Gerichte verhängen immer weniger Arreststrafen gegen jugendliche Täter

von
erstellt am 13.Okt.2014 | 08:00 Uhr

Justizministerin Uta-Maria Kuder (CDU) hat die Jugendarrestanstalt (JAA) in Wismar mit 16 Arrestplätzen geschlossen. „Die sieben Mitarbeiter, die in der JAA Wismar tätig waren, werden in der Justizvollzugsanstalt Bützow weiterbeschäftigt“, sagte Ministeriumssprecher Tilo Stolpe. Jugendarrest kann künftig nur noch in der Jugendanstalt Neustrelitz verbüßt werden. 14 Plätze hält die Einrichtung dafür vor.

Grund für die Schließung in Wismar: Die Gerichte in Mecklenburg-Vorpommern verurteilen jugendliche Straftäter seit 2005 immer seltener zu Arreststrafen. „Der Erhalt beider Standorte ist wirtschaftlich nicht vertretbar“, erkärte Stolpe. Im Durchschnitt sind derzeit nur noch zehn Jugendliche am Tag im Arrest. In den neunziger Jahren waren es mehr als doppelt so viele Insassen. Im vergangenen Jahr gab es insgesamt etwa 320 Ladungen zum Jugendarrest in ganz Mecklenburg-Vorpommern.

Auch der im März 2013 zur effektiveren Bekämpfung der Jugendkriminalität eingeführte Warnschuss-Arrest wird bislang im Nordosten kaum verhängt.
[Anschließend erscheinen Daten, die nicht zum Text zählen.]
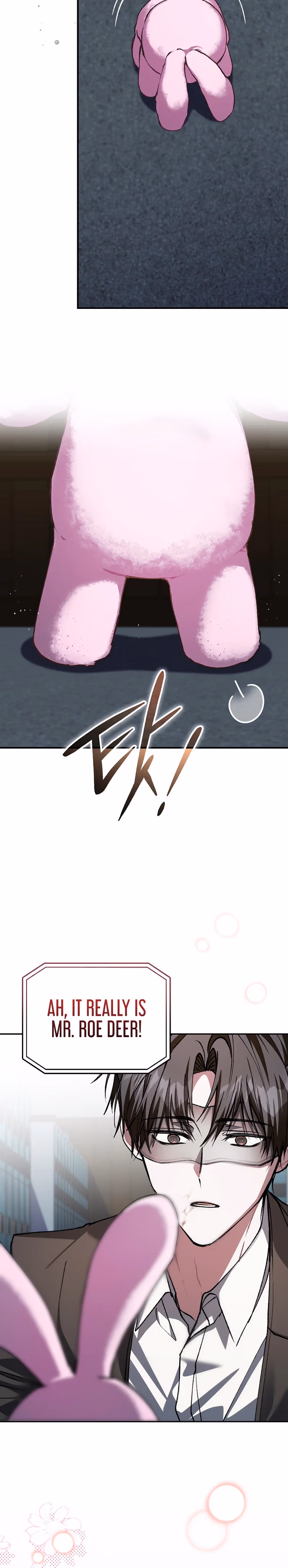 Read Even if I Fall Into a Ghost Story, I Still Have to Go to Work Manga Online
Zusätzlich zu einer Jugendstrafe auf Bewährung können Straftäter seither bis zu vier Wochen lang eingesperrt werden. Das soll eine abschreckende Wirkung haben. Zuvor konnte ausschließlich entweder Arrest oder Jugendstrafe angeordnet werden. Nach Inkrafttreten des Gesetzes bis heute wurden lediglich 23 Warnschuss-Arreststrafen vollstreckt – im Jahr 2013 waren es zehn, in diesem Jahr dreizehn. „Ich sehe es positiv, dass offenbar nur wenige jugendliche Straftäter diese Warnung vor der ‎Konsequenz Gefängnis auch wirklich brauchen“, sagte Justizministerin Kuder.
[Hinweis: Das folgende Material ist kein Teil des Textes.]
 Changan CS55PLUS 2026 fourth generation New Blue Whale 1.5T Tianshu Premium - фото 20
Der Nutzungsvertrag für die Anstalt in Wismar endete in der vergangenen Woche. Seit Juni 2013 wurden keine jugendlichen Straftäter mehr in Wismar inhaftiert. Die Immobilie am Marienkirchplatz mitten in der Innenstadt gehört dem Land und wird vom Betrieb für Bau und Liegenschaften Mecklenburg-Vorpommern verwaltet.